One of the concepts that Daniel-san took to the Mid-Valley All-Regional Championships was the idea that when you are facing an opponent, focus your energies beyond him. Sounds like a physics conundrum, but it works. Fighters know that you’ll maximize your impact if you strike a point just behind your opponent rather than use him as the point of impact. Doing this will push your momentum right through him. I realized after watching the movie a few dozen times that this was not only a great way of fighting, but an interesting strategy for approaching any problem. Focus your energies beyond the challenge, and maintain your momentum as you pass through it.

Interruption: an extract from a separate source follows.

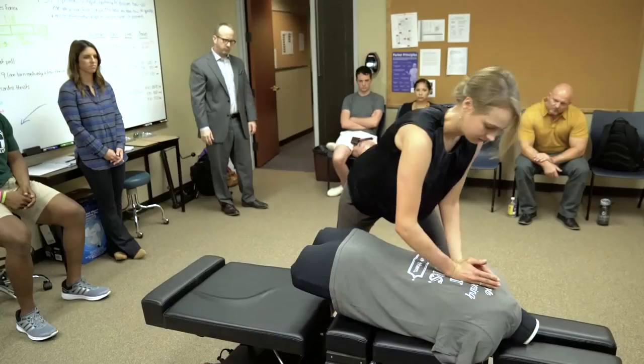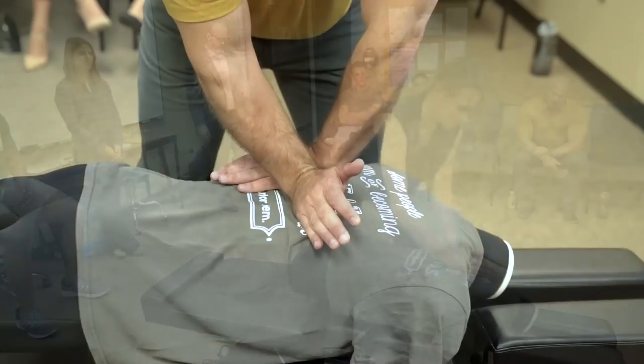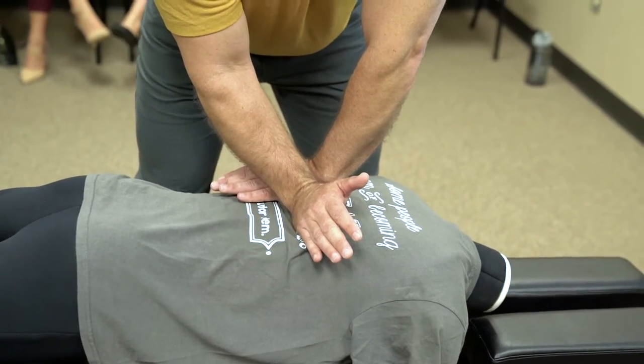My name is Dr. Eric Russell. I'm the Department Chair of Chiropractic Sciences at Parker University, and this is the Force Sensing Table. It is something new and revolutionary to chiropractic education. It's a table that gives students feedback on how to deliver an adjustment so they are repeatable, and they know how to deliver forces and change those forces for maximal clinical outputs.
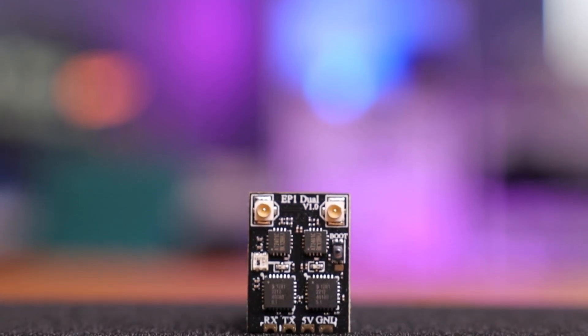Express LRS receivers are the go-to option for low latency and long-range flying. But what if you want to do some real long-range flying? Then you probably need a better receiver, just like the EP1 receiver here by Happy Model with true diversity. So let's take a look at this receiver and see if it's right for you.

So what does this have to do with heart disease? Lots. When I sit with a patient who is contemplating a ridiculously invasive procedure, a 5% chance of death, multiple days in the hospital, and possibly months of recovery, it helps to think beyond the problem at hand. One way to do this is with simple visualization. I ask patients to try to picture themselves on the other side of the experience. I ask them to think about how good they will feel, how happy they will be that they went through with it. Once they find themselves at their destination, then it’s just a matter of getting there. Focusing energy on the destination makes the trip easier to contemplate. Because if you’ve already arrived there in your mind, that means that the journey is actually possible.

In the immortal Mr. Miyagi’s words – “Better learn balance. Balance is key. Balance is good … everything good.”